Creek 4140 S2 Overhaul and Voltage Conversion

From the Rain City Audio Repair Blog:

This Creek 4140 S2 amplifier is a bit newer than most through the shop, although it’s getting up there. This particular one was constructed in 1989, and came via eBay from the UK configured for 220V power. The owner wanted it checked out and converted over to a U.S. power supply.

It’s an unassuming little amplifier, delivering 30W per channel at 0.1% THD. Inside, it’s pretty simply built but very clean. The shop has a universal power transformer that accepts nearly every plug style in both voltages, so it was easy to check out. The amplifier “worked”, although you had to crank the volume all the way up to maximum – the signal was getting attenuated along the way but it was still passing all the way through.
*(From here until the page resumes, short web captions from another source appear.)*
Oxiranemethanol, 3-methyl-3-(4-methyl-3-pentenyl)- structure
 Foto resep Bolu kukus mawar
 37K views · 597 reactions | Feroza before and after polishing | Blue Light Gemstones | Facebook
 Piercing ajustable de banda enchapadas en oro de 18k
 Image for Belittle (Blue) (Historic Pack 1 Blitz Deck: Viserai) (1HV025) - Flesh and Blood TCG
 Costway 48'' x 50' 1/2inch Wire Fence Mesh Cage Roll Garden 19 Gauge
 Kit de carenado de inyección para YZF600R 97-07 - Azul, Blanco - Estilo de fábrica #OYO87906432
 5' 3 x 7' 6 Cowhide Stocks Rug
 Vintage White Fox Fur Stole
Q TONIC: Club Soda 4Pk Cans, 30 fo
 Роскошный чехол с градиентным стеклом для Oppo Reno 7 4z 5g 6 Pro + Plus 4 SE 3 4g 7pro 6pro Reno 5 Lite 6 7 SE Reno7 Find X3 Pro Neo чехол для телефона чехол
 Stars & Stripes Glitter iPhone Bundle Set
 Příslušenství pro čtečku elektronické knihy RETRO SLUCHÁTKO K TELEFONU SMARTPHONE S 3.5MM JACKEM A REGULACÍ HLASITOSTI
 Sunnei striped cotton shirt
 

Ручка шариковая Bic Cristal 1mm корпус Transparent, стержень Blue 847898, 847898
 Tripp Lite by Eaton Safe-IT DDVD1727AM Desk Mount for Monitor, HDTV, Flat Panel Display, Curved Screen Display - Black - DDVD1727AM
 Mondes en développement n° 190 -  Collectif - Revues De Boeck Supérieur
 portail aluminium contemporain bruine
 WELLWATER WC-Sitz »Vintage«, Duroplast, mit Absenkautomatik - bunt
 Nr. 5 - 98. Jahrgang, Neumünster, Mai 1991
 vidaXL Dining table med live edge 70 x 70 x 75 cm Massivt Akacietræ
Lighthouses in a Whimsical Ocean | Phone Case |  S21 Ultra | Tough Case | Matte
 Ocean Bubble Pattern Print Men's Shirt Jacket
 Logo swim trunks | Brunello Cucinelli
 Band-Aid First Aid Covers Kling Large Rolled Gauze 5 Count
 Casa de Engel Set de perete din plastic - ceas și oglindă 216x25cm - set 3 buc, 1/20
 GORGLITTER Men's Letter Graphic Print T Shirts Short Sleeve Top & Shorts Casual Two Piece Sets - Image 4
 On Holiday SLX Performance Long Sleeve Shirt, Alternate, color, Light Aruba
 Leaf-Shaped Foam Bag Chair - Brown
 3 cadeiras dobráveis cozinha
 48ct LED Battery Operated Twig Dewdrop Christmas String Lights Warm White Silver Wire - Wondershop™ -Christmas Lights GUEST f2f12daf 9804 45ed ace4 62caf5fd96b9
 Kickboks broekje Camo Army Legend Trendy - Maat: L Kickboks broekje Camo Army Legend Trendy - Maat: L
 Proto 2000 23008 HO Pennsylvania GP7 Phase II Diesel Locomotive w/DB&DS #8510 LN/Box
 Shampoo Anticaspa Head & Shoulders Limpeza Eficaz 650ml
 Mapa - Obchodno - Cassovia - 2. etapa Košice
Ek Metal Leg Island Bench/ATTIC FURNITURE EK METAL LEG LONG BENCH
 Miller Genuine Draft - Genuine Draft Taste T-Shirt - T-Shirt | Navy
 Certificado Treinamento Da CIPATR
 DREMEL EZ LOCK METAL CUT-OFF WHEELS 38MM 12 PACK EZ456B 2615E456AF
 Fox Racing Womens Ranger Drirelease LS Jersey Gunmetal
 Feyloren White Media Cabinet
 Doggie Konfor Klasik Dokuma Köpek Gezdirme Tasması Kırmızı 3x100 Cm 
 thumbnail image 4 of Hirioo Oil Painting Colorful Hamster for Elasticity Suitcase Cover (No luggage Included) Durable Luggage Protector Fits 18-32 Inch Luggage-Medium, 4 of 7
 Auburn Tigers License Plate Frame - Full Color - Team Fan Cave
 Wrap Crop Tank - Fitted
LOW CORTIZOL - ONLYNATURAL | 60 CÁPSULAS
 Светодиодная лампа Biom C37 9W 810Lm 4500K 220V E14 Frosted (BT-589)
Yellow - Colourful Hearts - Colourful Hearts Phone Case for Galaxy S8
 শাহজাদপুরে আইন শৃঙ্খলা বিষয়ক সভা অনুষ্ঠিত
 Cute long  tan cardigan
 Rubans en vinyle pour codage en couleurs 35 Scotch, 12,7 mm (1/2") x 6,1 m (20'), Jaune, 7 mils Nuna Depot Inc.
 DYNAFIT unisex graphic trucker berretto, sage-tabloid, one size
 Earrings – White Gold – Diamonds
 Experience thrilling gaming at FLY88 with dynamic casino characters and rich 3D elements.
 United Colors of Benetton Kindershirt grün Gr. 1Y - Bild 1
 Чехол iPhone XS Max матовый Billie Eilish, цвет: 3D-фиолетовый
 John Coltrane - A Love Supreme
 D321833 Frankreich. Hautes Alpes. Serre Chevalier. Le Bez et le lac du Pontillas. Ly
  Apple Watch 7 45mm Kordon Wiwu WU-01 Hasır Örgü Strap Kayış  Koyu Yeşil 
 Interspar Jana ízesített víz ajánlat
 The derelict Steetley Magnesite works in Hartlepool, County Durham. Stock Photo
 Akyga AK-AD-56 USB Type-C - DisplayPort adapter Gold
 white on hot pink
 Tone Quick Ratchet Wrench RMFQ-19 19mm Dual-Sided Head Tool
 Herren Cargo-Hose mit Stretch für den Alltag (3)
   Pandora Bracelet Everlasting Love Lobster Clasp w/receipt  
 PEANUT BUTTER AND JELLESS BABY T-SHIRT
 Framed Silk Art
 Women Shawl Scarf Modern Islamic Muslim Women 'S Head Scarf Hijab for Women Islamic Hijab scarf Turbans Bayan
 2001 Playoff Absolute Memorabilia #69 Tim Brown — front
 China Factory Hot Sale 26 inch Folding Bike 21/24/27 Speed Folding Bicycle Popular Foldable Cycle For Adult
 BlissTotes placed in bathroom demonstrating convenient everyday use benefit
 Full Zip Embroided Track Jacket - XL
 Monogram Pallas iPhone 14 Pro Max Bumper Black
Because of the small number of capacitors in this unit, I recommended they all be replaced, and found that two of the small signal capacitors had gone very low in value towards being open. With the capacitors replaced, the unit came to life on 220V just fine.

The owner supplied a 120V transformer for this amplifier to swap. Theoretically, according to the schematic, the transformer has a split primary which can be wired in series or parallel for either voltage, but in practice there was no sign of the extra taps, so it was just a direct swap-over.

Transformer leads are enameled wire, which needs to be scraped down to the bare copper in order to take solder. Then the leads were joined back to the same colors.

Finally, it was time to swap the plug with a U.S. fitting.

Time for some testing! The Creek 4140 S2 is rated for 20 Hz – 20 kHz, with 0.1% THD at 1 kHz. How’d it do? The Audio Precision System One analyzer gave some insight. Frequency response from 20 Hz – 20 kHz was flat +/- 1 dB, which is fantastic.

On the extended range frequency response test, the actual -1 dB point was at 20 Hz on the low end and 30 kHz on the high end; +/- 3 dB at 10 Hz and 60 kHz. The channels are slightly imbalanced, even after bias adjustment, but not enough to worry about tracking down.

The amplifier delivered < 0.07% THD at 1 kHz, and overall had acceptable distortion performance.

Quite a few parts came out of this one!

A listening test proved this little amp sounded great, and so it was time to clean up and send it home.